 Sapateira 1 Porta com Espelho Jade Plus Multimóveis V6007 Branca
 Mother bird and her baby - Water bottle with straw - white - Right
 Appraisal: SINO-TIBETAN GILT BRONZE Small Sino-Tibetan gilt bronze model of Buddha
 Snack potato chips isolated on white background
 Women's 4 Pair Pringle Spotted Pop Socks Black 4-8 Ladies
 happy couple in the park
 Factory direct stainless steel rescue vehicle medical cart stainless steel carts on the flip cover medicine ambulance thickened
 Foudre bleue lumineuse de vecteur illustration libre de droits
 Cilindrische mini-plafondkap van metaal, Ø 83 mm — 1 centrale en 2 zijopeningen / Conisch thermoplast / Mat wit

◆ ◆ ◆ ◆

- Exercise requirements: The lines above, from the start of the records through the one containing "happy couple in the park", are to be printed exactly, and nothing else is to be included.

- Solution for this task:
 Sapateira 1 Porta com Espelho Jade Plus Multimóveis V6007 Branca
 Mother bird and her baby - Water bottle with straw - white - Right
 Appraisal: SINO-TIBETAN GILT BRONZE Small Sino-Tibetan gilt bronze model of Buddha
 Snack potato chips isolated on white background
 Women's 4 Pair Pringle Spotted Pop Socks Black 4-8 Ladies
 happy couple in the park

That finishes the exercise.